Generally speaking, the new Companies Act merely allows a company to indemnify a director or officer against personal liabilities but does not require the company to do so. For a director or officer to require an indemnity to be given to him, there must be some positive obligation imposed on the company to provide it. In Canada it is normal for a company's by-laws to provide that it must indemnify directors and officers if the requirements of the by-laws are met. This practice should usually be followed when continuing an existing company under the new Act and when incorporating a new company. A director or officer should never assume the existence of the appropriate By-law, but should look into it and ensure that it is as broad as possible. This should be done as part of accepting an appointment and when any important change occurs, such as continuation under the new Act. If a director or officer is not satisfied, he should consider resigning. Directors and officers should also take the extra step of getting an express contractual right to an indemnity. This eliminates technical hurdles about enforcing the non-contractual By-laws. It also ensures that the company cannot unilaterally change the right to the indemnity.
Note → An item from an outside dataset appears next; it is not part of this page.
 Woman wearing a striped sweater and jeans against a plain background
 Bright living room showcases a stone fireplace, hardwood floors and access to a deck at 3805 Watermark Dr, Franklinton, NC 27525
There are provisions in the Act which require a company to indemnify directors and officers in specified circumstances, even where there is no By-law or contract to that effect. This right arises under the Act where the director or officer is substantially successful on the merits of the claim and the same "good faith" requirements are met. This provision reflects the fact that if substantial success is achieved, the director or officer should be indemnified.

Although insurance cover is only available subject to the same "good faith" requirements as apply to indemnities, it is advisable that it be obtained. The reason for this is that an indemnity is of little value if the company that is to provide it has become insolvent. Insurance cover is particularly useful because many instances of director's liability arise in circumstances where a company is insolvent. It is also important to note that the coverage and exclusions under a policy of insurance must be carefully reviewed, as there may be restrictions in the policy beyond the "good faith" requirements imposed by the new Act.

The content of this article is intended to provide a general guide to the subject matter. Specialist advice should be sought about your specific circumstances.